2. Materials and Methods
2.1. Viruses and cell lines
MNV-1 was received as a gift from Dr. Skip Virgin (Washington Univ., St Louis, MO) and
host RAW 264.7 cells were obtained from the University of Tennessee at Knoxville (UTK). HAV
(strain HM175) and fetal rhesus monkey kidney (FRhK4) cells were obtained from our
collaborator, Dr. Kalmia Kniel (University of Delaware). AiV was kindly provided by Dr. David
Kingsley (USDA ARS, Delaware) and Vero cells were used as their host.
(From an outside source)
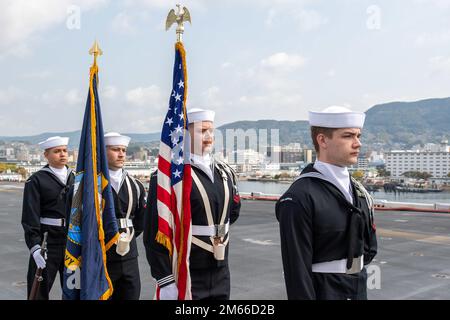 SASEBO, Japan (April 7, 2022) Sailors assigned to the forward-deployed amphibious assault ship USS America (LHA 6) parade the colors during a change-of-command ceremony on the ship’s flight deck. America, lead ship of the America Amphibious Ready Group, is operating in the U.S. 7th Fleet area of responsibility to enhance interoperability with allies and partners, and serve as a ready response force to defend peace and stability in the Indo-Pacific region. Stock Photo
2.2. Propagation of viruses
FRhK4 cells and RAW 264.7 cells were grown in Dulbecco’s Modified Eagle’s Medium
(DMEM; HyClone Laboratories, Logan, UT) supplemented with 10% heat inactivated fetal bovine
serum (FBS; HyClone Laboratories, Logan, UT) and 1% Anti-Anti (Antibiotic-Antimycotic,
Invitrogen, Grand Island, NY). Vero cells were grown in DMEM with 2% FBS and 1% Anti-Anti
2 and incubated in an atmosphere containing 5% CO2 at 37⁰C in 175 cm flasks as described earlier
(Su et al., 2010a; Fino and Kneil, 2008). Viral stocks of HAV, MNV-1 and AiV for the study were
made by inoculating HAV, MNV-1 and AiV stocks onto monolayers of host FRhK4, RAW 264.7
and Vero cells, respectively and incubation under 5% CO2 until >90% cell lysis. The viral
suspensions obtained were freeze-thawed and centrifuged for 10 min at 5000 x g. The supernatants
were then filtered through 0.2 µm membrane filters, aliquoted and stored at -80oC until use as
described earlier (Su et al., 2010a).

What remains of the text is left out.